The ever-inquisitive Matt Yglesias asks why the successful social welfare policies of smaller countries cannot be scaled up to a larger level.  I don’t know of serious work on this question (there are papers on whether smallness is an advantage for economic growth, but that is not the same issue), so we should not jump to hasty conclusions.  Nonetheless I can think of a few factors:

1. Perhaps homogeneity is the advantage, not smallness per se.  So a Denmark of 150 million people might work quite well, if only there were 150 million Danes.  There aren’t, and if we imagine the Danish population growing they might not stay so homogeneous in nature.  Peer effects dissipate or perhaps turn negative at some scale.

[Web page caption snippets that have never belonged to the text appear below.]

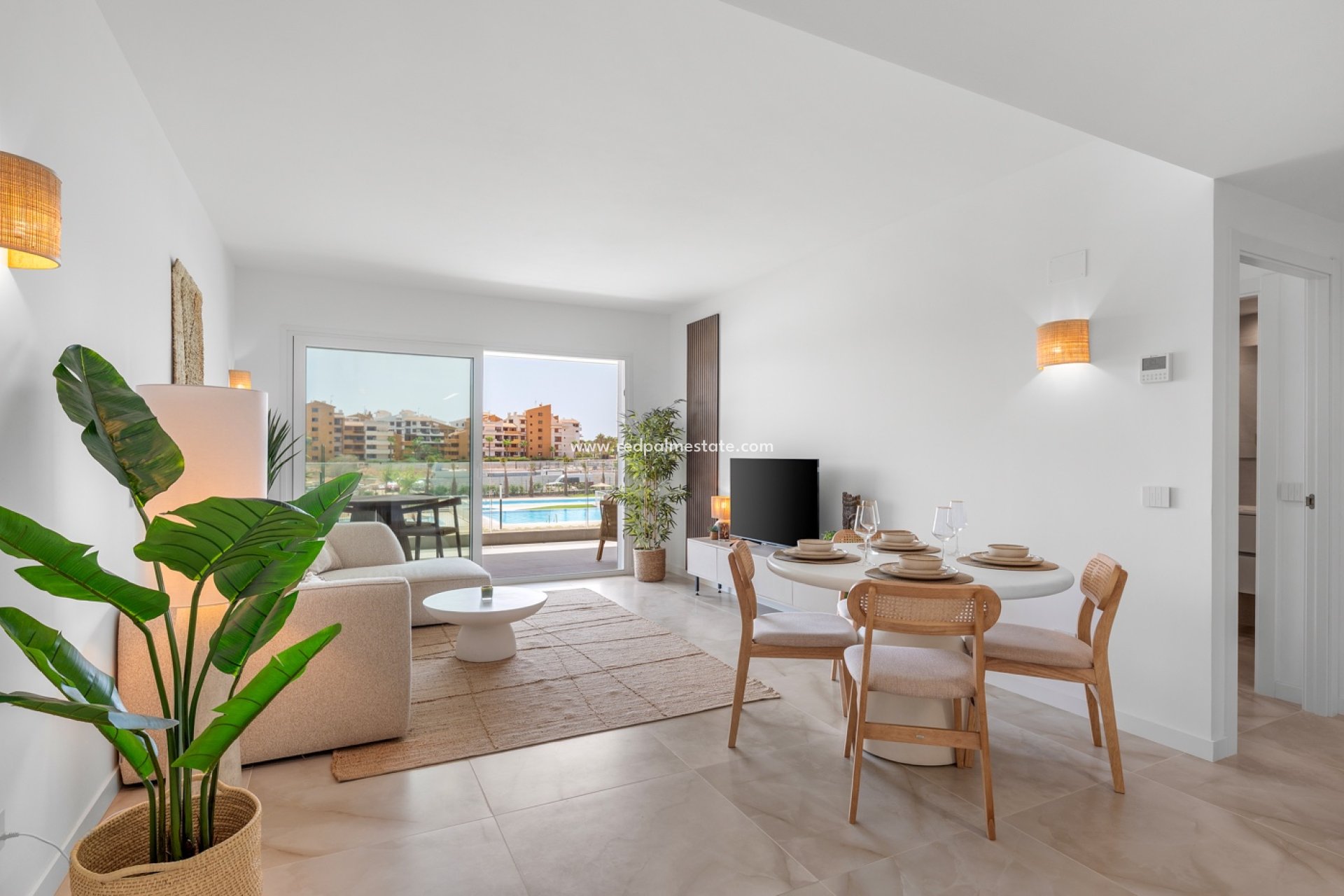 Återförsäljning - Lägenhet -
Orihuela Costa - Punta prima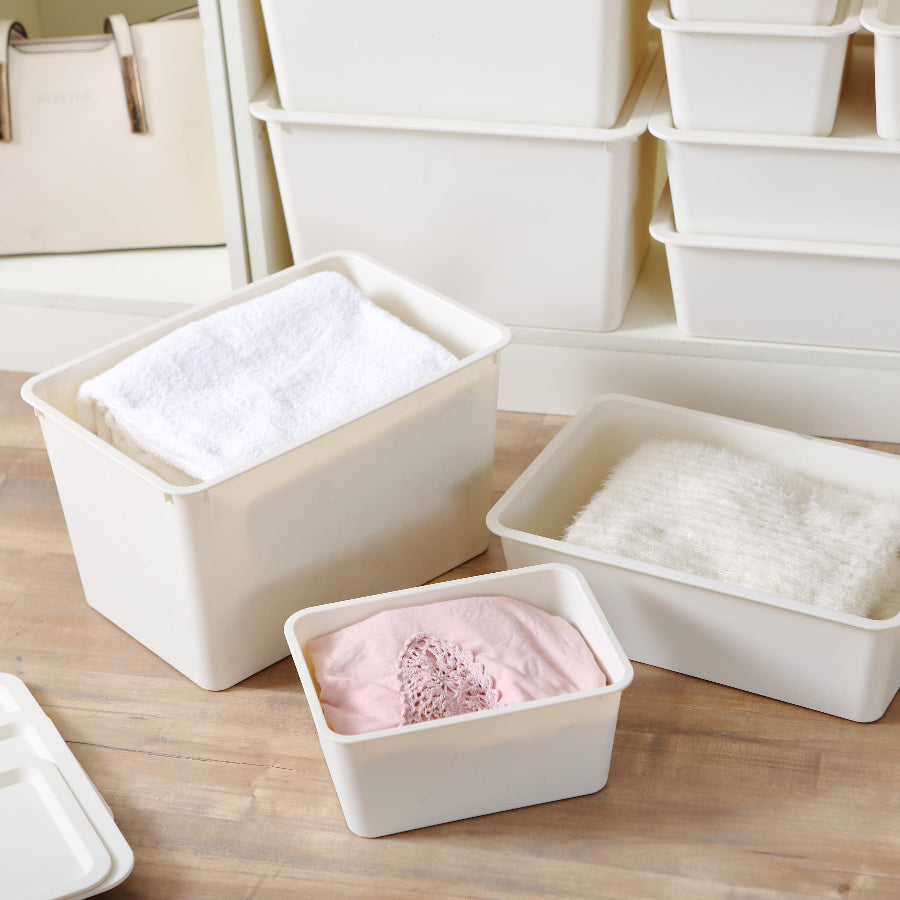 Mattis Storage Box with Lid - 26x19x11.5 cm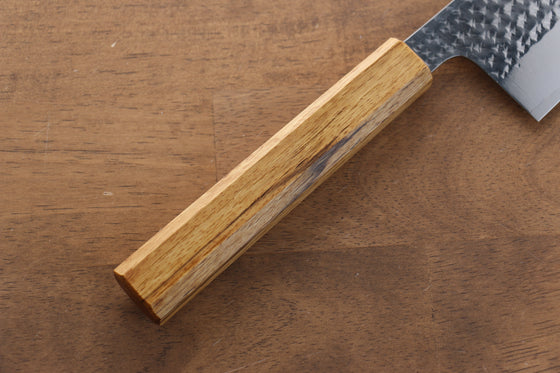 Yu Kurosaki Senko SG2 Hammered Gyuto 270mm with Lacquered Oak Handle - Seisuke Knife
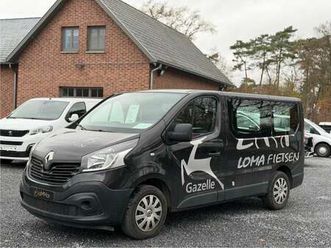 trafic 1.6 dci 115 l1h1 basis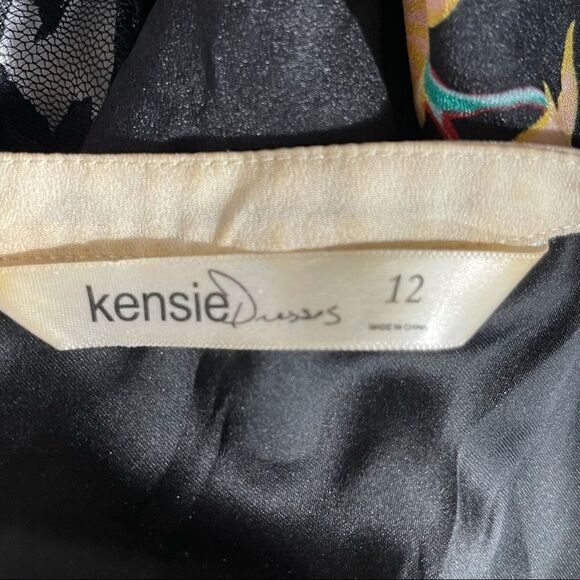 Kensie Dresses Floral Button Down Sleeveless Dress - Picture 9 of 12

2. Perhaps the ability to dispense with federalism helps government efficiency in small countries.  I favor federalism for larger units, such as the United States, but I think of it as a necessary evil.  Singapore and New Zealand don’t have much federalism, nor should they.

3. Concentration of power in a major city may account for some of the special properties of small countries.  It is often striking how many of the small-country elites went to the same high school, and they can strike efficient political bargains relatively easily; postwar Austria has been cited as an example.  Larger size makes these Coasian bargains impossible.  Note that Stockholm, Copenhagen, Helsinki, and Oslo are all far more important than the second cities in those countries. 

4. Feelings of social solidarity are limited across space and across numbers, and this simply won’t change.

5. Orderly countries aren’t very interested in larger political units.  The Nordic countries have in the past existed in larger political confederations, but somebody always was persnickety enough to break away.  Many of the Nordic countries, even today, are relatively skeptical about the EU.